Photos from Oliver’s book flip through a reel in my mind. Then the pictures change to my own memories of sitting in front of the TV in the common room at my dorm at Auburn, watching the large swirl of Katrina on the news, wondering if the people I love were going to get out of there in time. My mouth goes dry, tongue thick and heavy, with the taste of tears on the back of it. “Some. My dad and Van were able to fix most of it.”
A year of working closely together was what they’d needed to bond, or maybe, at that point, my father had realized both of his daughters were lost to him and decided not to waste his last chance. Either way, it opened my brother’s eyes and started him on a path that led to his career as a structural engineer.
“I guess we’re lucky here,” Patricia says. “We had Hurricane David back in ’79, but all it did was knock out the power for a couple of weeks. We’re losing our barrier islands, though, so I guess we might have to worry someday. Did y’all evacuate?”
“Katrina was the first time my family ever evacuated. I was a freshman at Auburn at the time.” When Miss Verity looked my father in the eye and said it was time to go, he didn’t ask questions. They packed and left.
“So you stayed put for Ivan the year before?” Jeff asks.
My fork drops to my plate with an embarrassing clatter. With a shaky hand, I reach for my glass and take a long sip of water before answering. “Uh, yes. My parents were out of town with my sister at the time, but the rest of us were home. Ivan was only rain and wind by the time it got to us.”
Ivan changed the way I’ll think about the sound of rain for the rest of my life. It was the kind of storm that settles in your heart and never leaves, no matter how much you want it to.

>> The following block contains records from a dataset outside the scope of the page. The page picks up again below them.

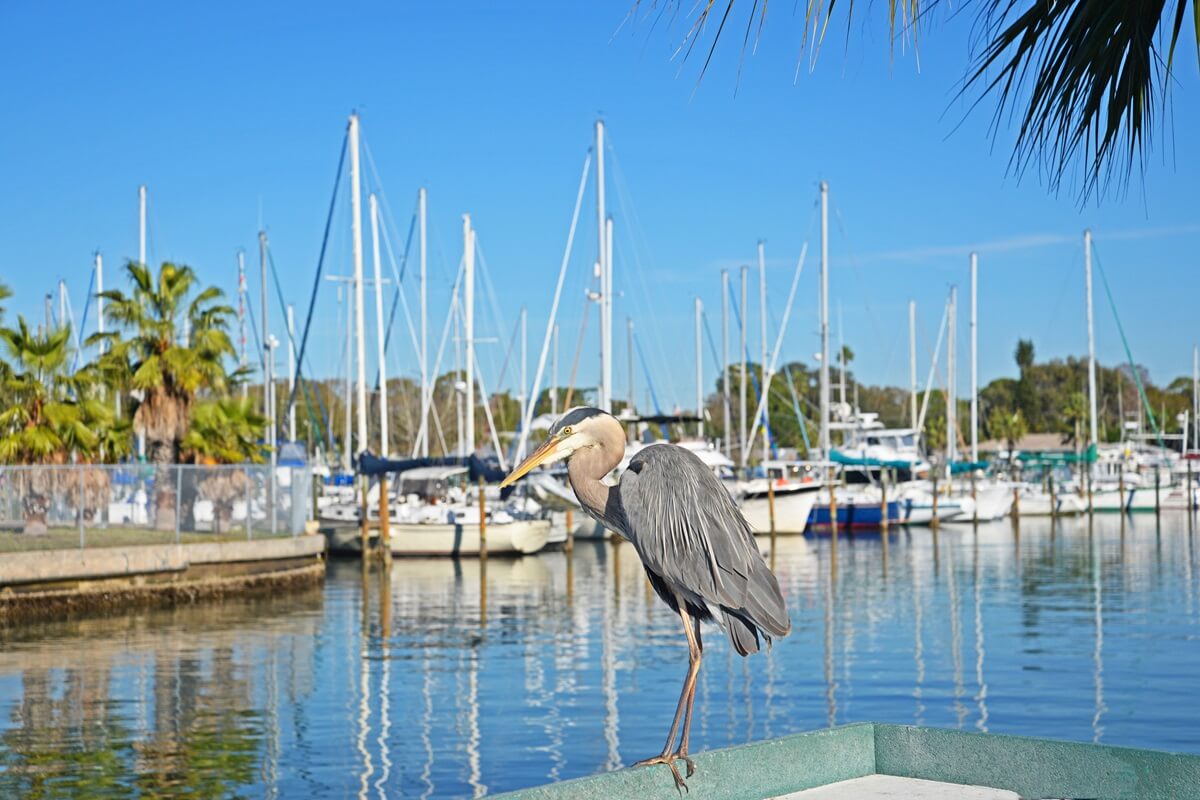 a great blue heron hangs out on the pier at the Gulfport Florida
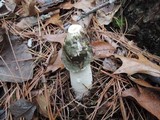 Phallus ravenelii image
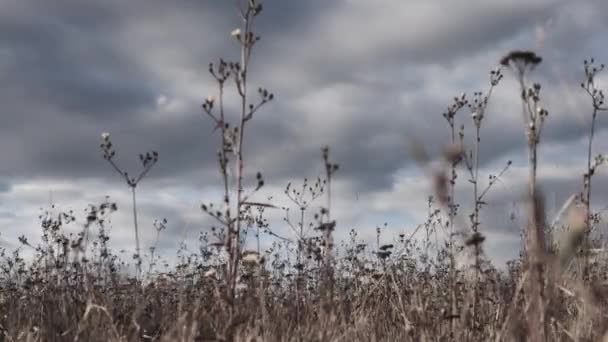 Paisaje Nubes Hierba Alta Viento Balancea Hierba Naturaleza Campo — Vídeos de Stock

Wade’s gaze is heavy on my cheek. Once I have control of my silverware again, I chase peas with my fork instead of facing him. “We’re going out for a while after dinner, if that’s all right,” he says to Patricia. “There are a few last-minute gifts we need to pick up for Violet’s family.”
“Oh, sure, honey.” She pats her full belly. “We’re going to do the dishes and catch up on a few shows we fell behind on these last couple of weeks.”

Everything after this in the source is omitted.